WHAT TO PRODUCE> An exact transcription is needed of the lines below from the one with "Blusa de guipur con botones" through the one with "Zucchini ist so", with no other lines and no pictures.

Scraped caption text data>
═══

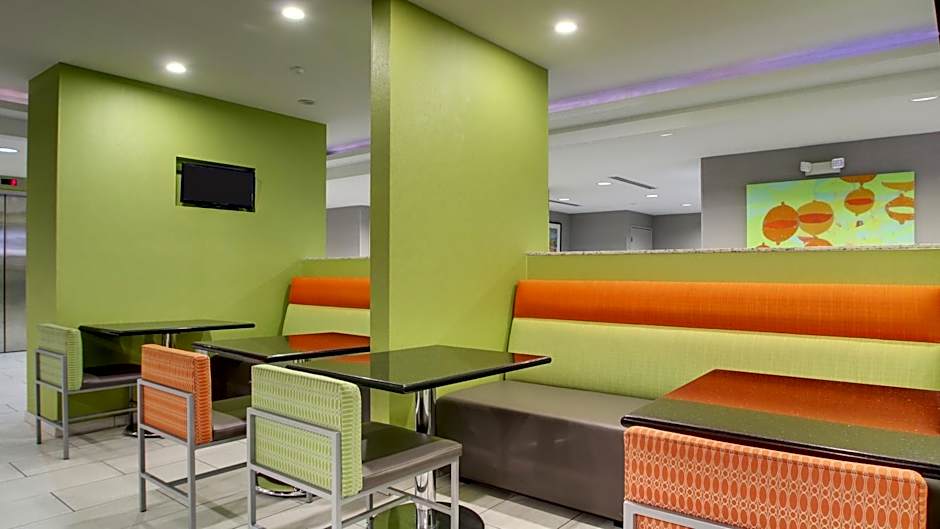 Holiday Inn Express & Suites Jackson Downtown - Coliseum By IHG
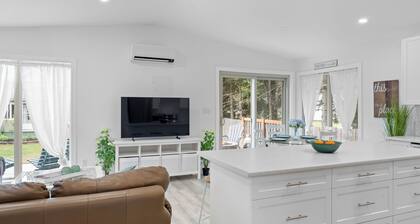 Luxury 3 bdm cottage 2 min walk from Parlee Beach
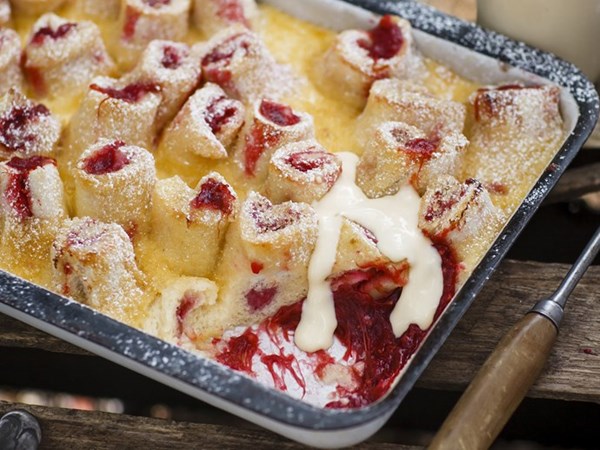 Rhubarb & custard bread pudding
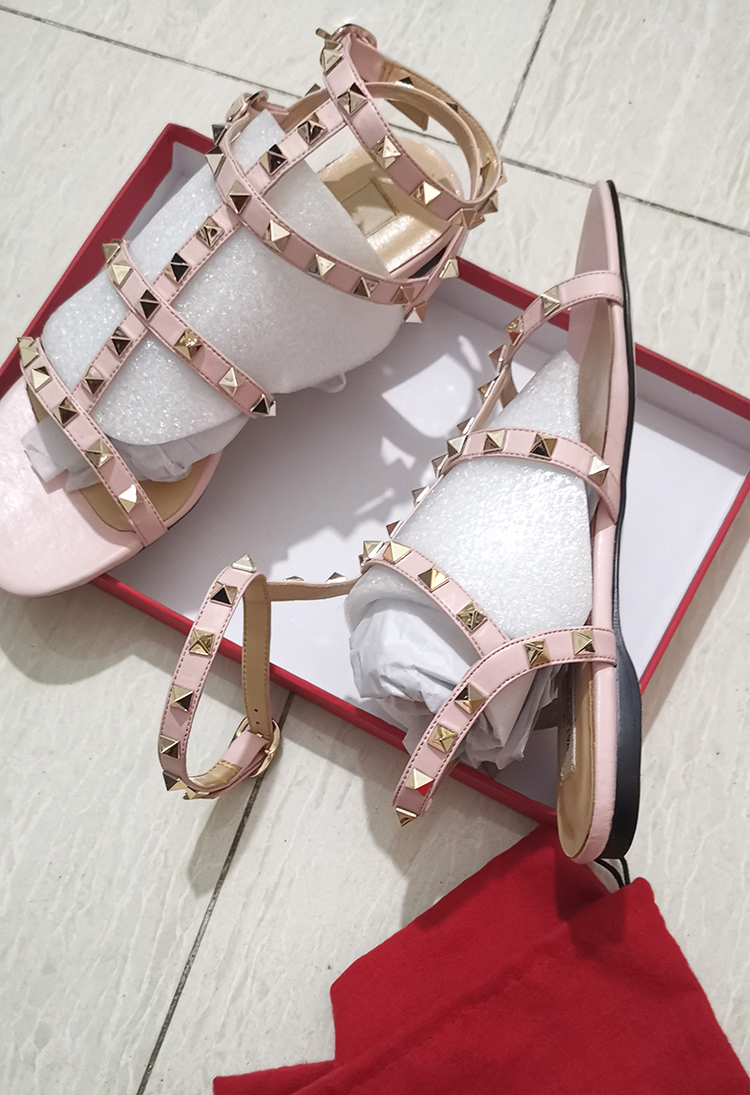 luxury rivets sandals woman rivets Rubber low heel sandals for woman leather with box dust bag, Black
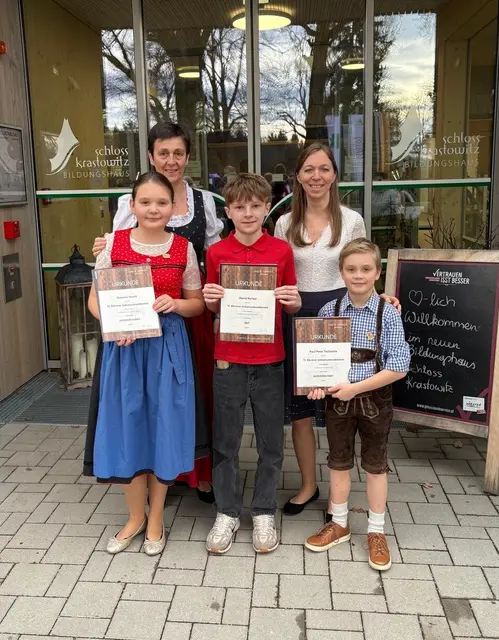 Katarina Paulič (Harfe), David Karizel und Paul Tschische (Steirische Harmonika) mit den Lehrerinnen Milena Paulič und Michaela Faschinger aus den Musikschulen Bad Eisenkappel und Eberndorf | Foto: Musikschule Südkärnten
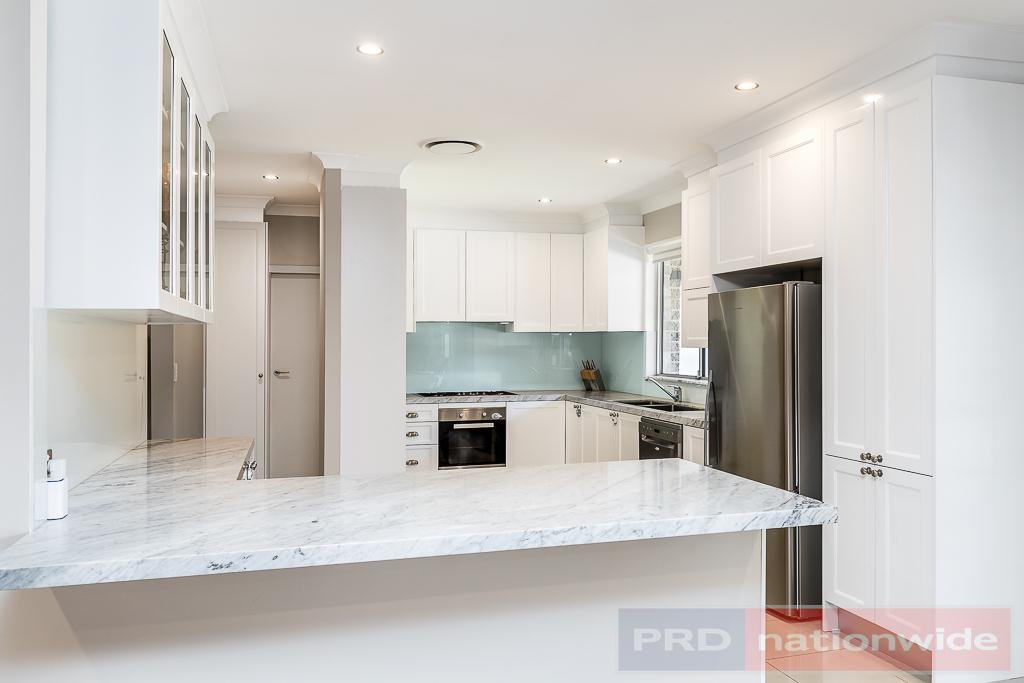 36 Blair Avenue EAST HILLS 4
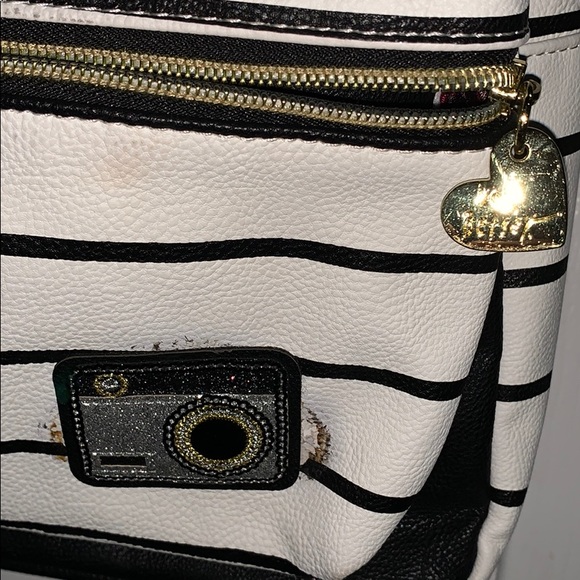 NWOT Betsy Johnson Mini Backpack - Picture 3 of 8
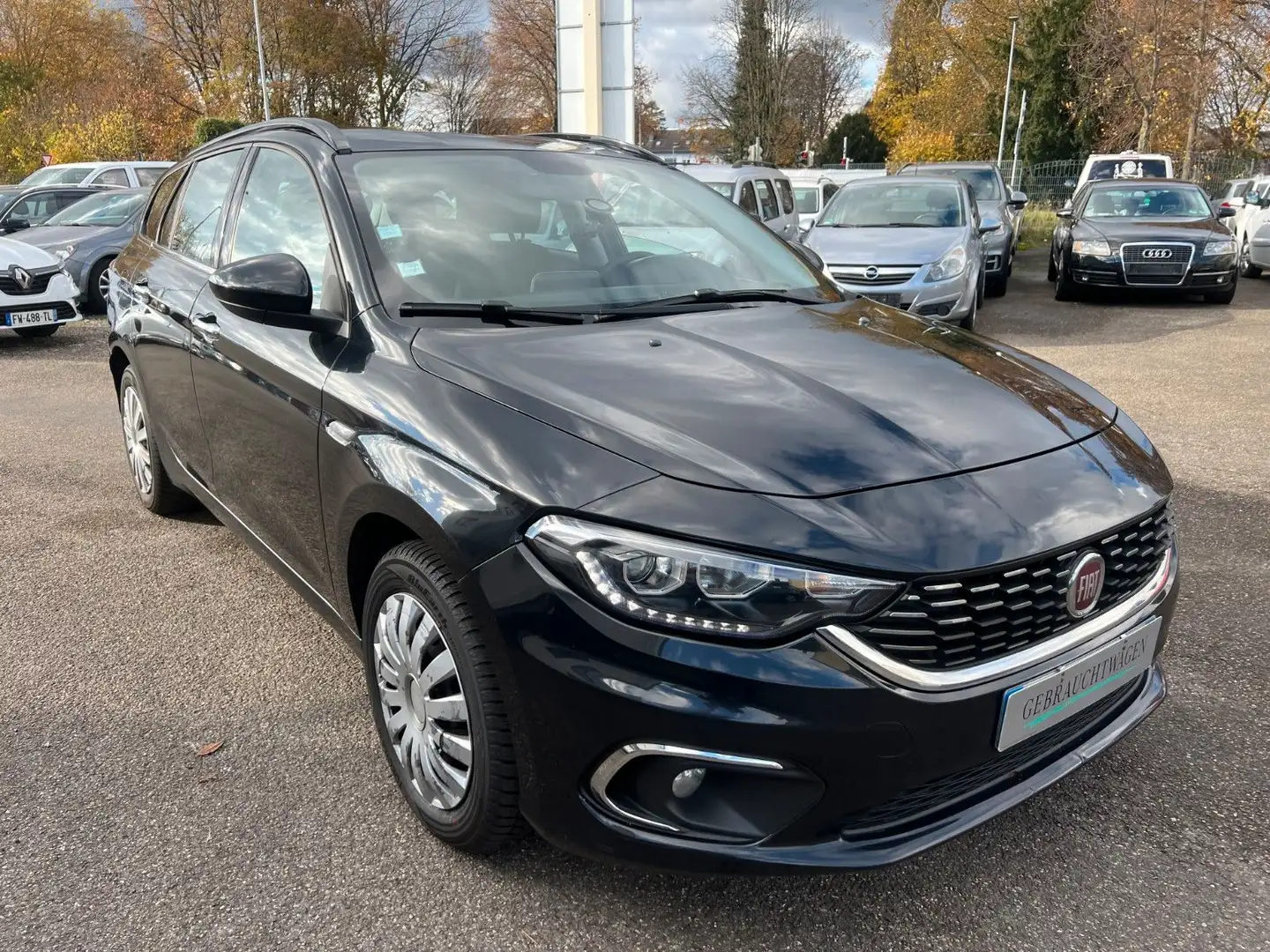 Fiat Tipo 1.6 diesel *2018* Schwarz - 1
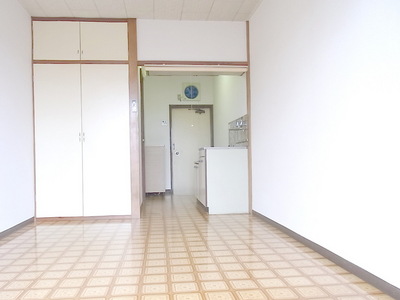 Living and room. Western-style 6 Pledge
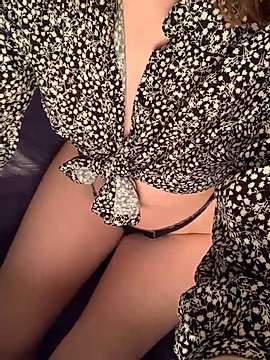 LolyaFro naked stripping on cam for live sex video chat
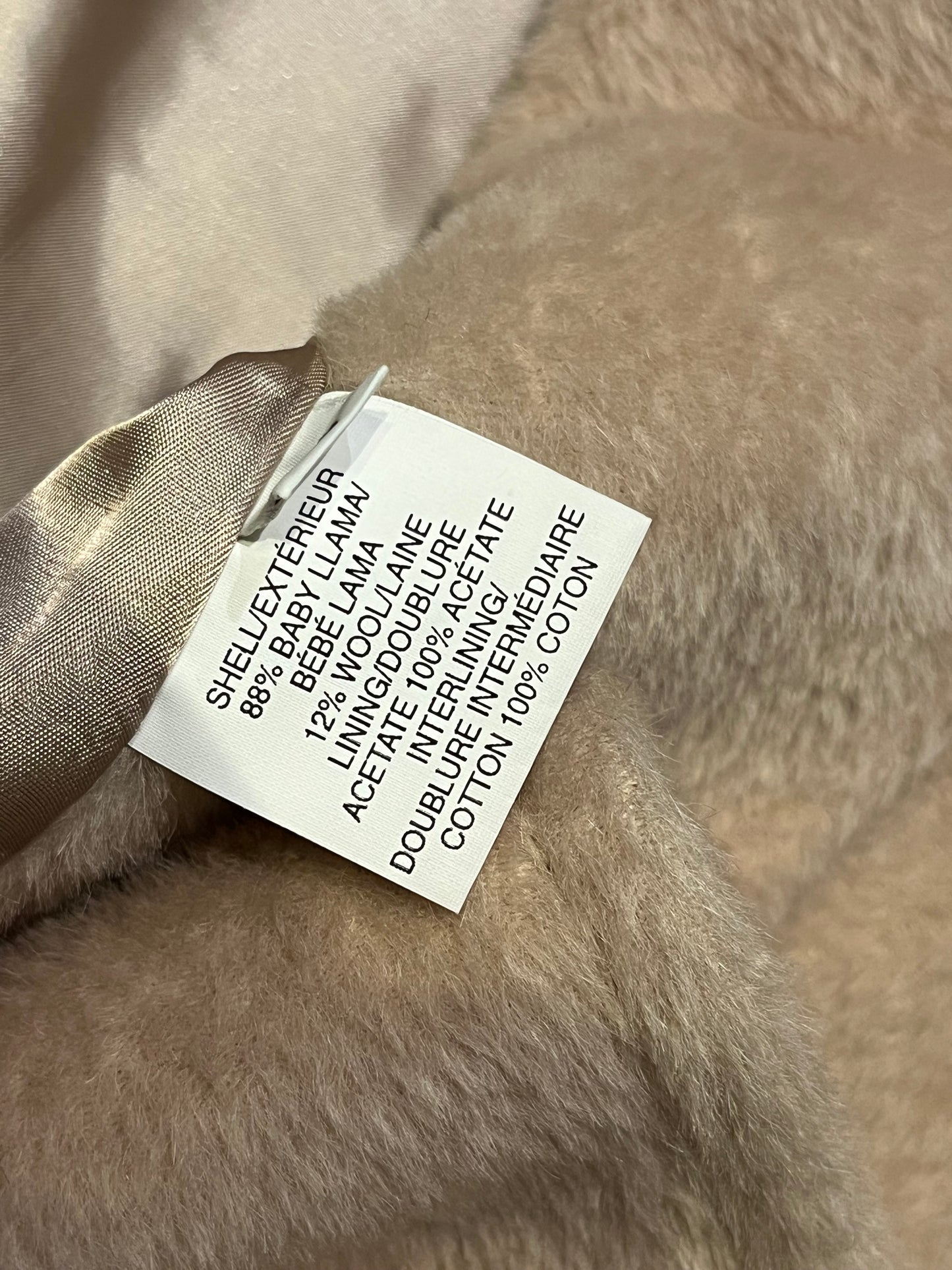 Vintage Mallia long baby lama blend (88% baby lama/ 12% wool) coat with button closures and two front pockets.
Union Made in Canada
Size 16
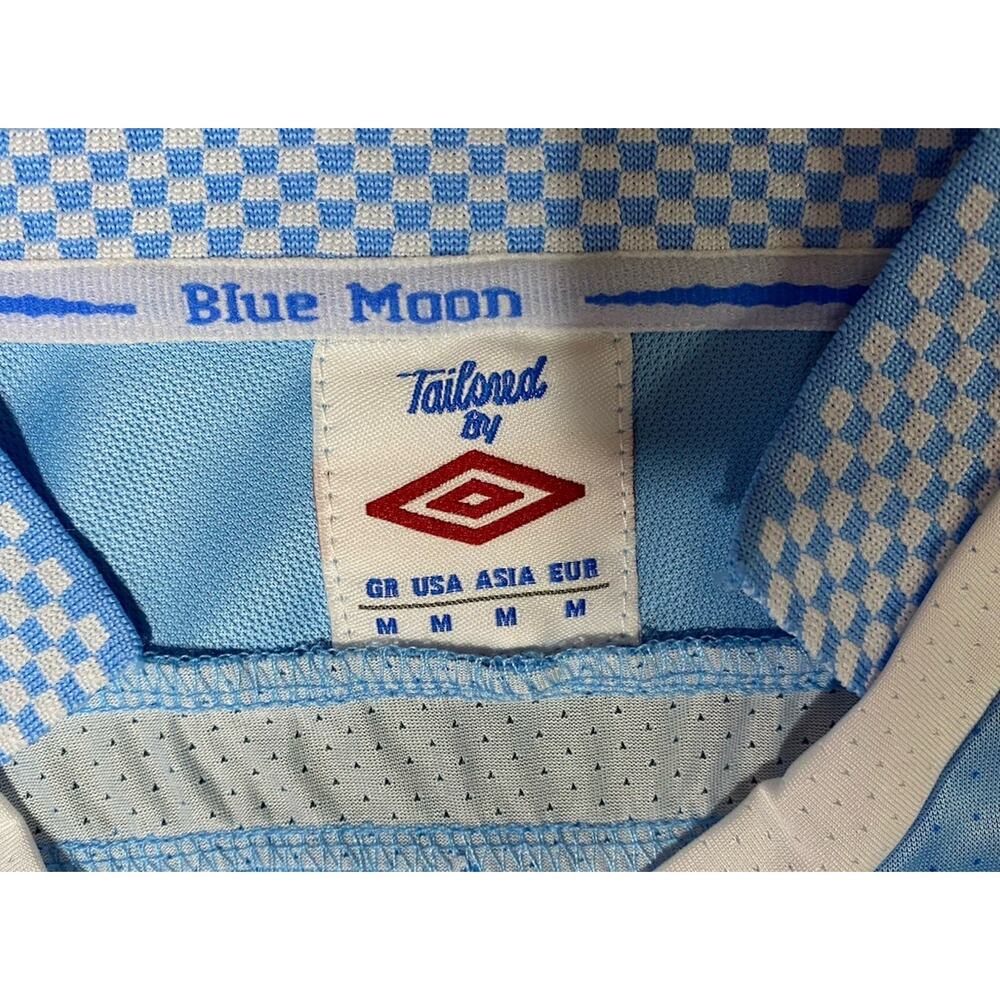 Manchester City | Men’s Medium Retro Jersey - Picture 3 of 5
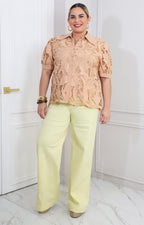 Blusa de guipur con botones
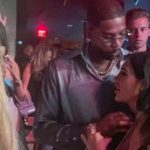 Feliz caminaba Tristan en Grecia con una bella mujer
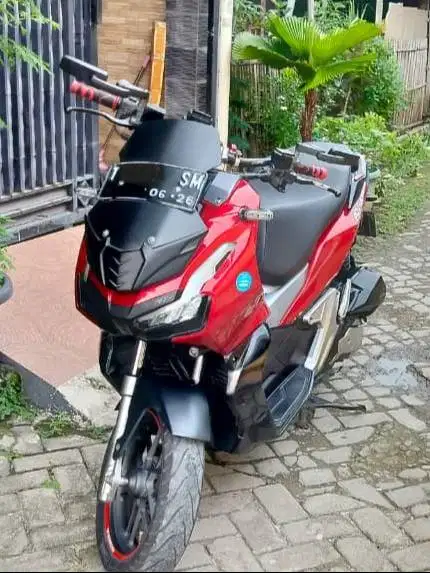 Jual ADV 150 Warna Merah, SS Lengkap. Pemakaian Pribadi
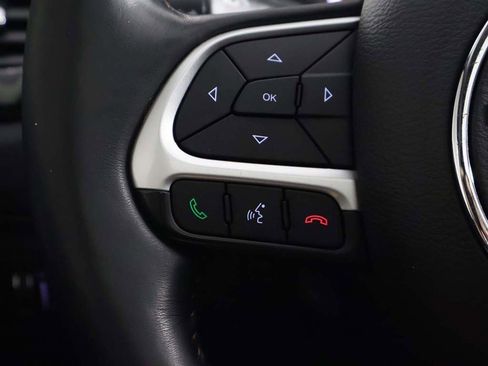 Used 2018 Jeep Compass Limited w/ Navigation Group image 33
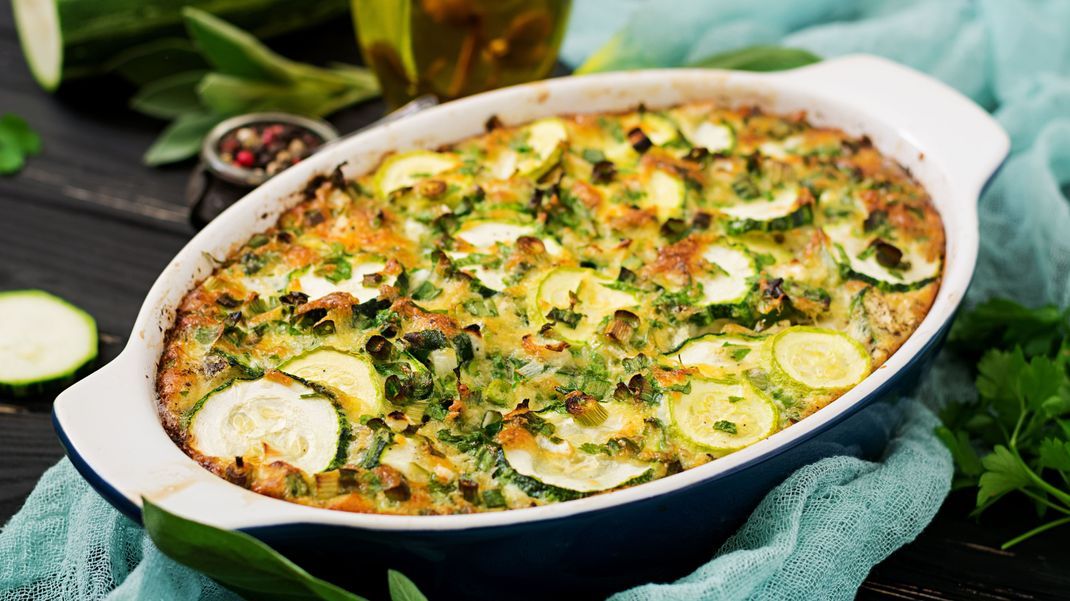 Zucchini ist so vielfältig, wie lecker. Und ideal für einen Low Carb Auflauf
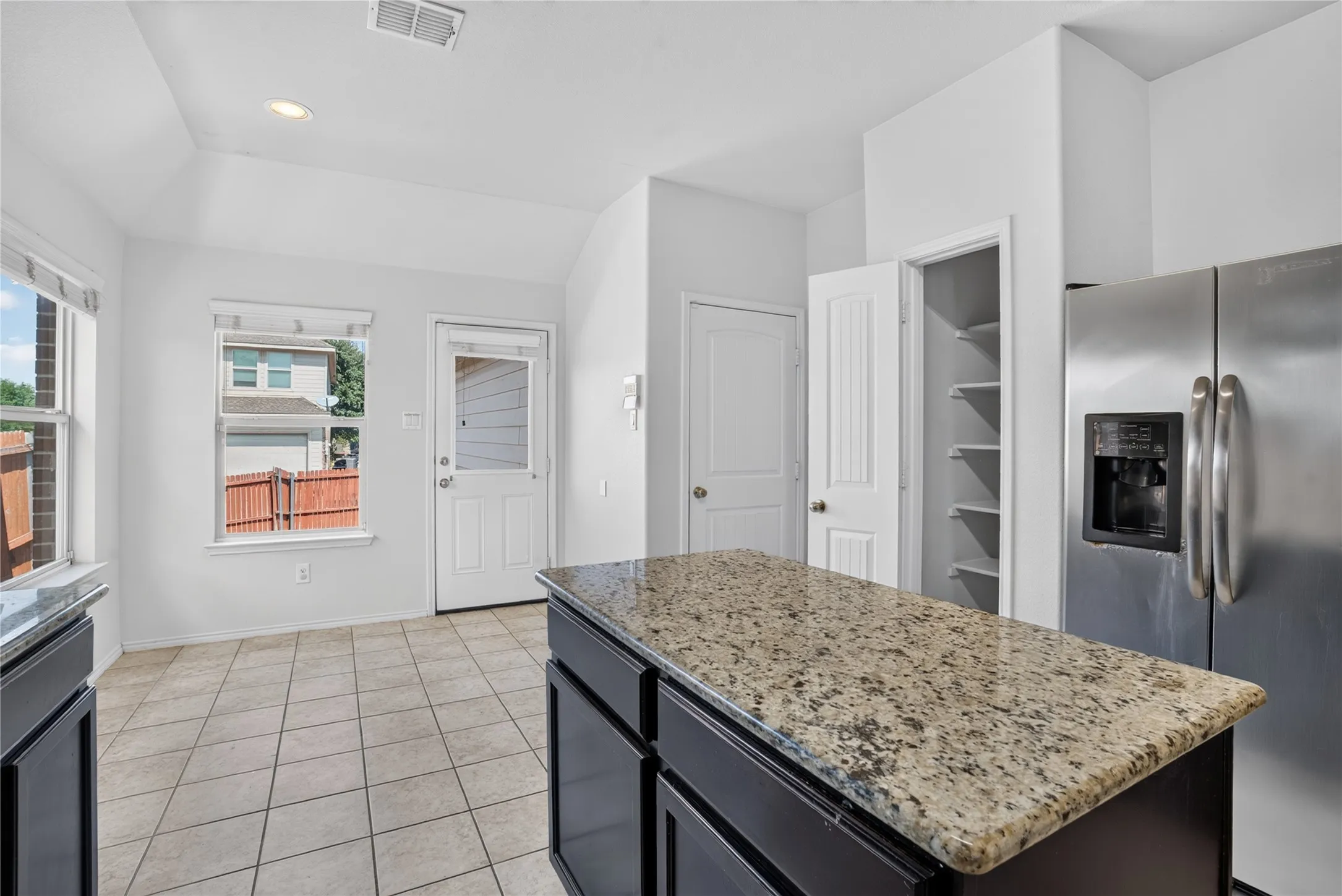 Single Family Residence For Rent in Denton County , 9005 Sundance Trail, Cross Roads, Texas 76227, 3 Bedroom, 2 Bathroom, 2 Garage spaces, 1,378 Sqft, built in 2011, mls#21390020, Real Estate Agent in Cross Roads, Homes For Rent in Denton county, Homes For Rent in Cross Roads, Realtor in Cross Roads Texas, Real Estate Brokerage Independent Realty Texas, Luminita Cordes Realtor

═══

SOLUTION FOR THIS TASK>
 Blusa de guipur con botones
 Feliz caminaba Tristan en Grecia con una bella mujer
 Jual ADV 150 Warna Merah, SS Lengkap. Pemakaian Pribadi
 Used 2018 Jeep Compass Limited w/ Navigation Group image 33
 Zucchini ist so vielfältig, wie lecker. Und ideal für einen Low Carb Auflauf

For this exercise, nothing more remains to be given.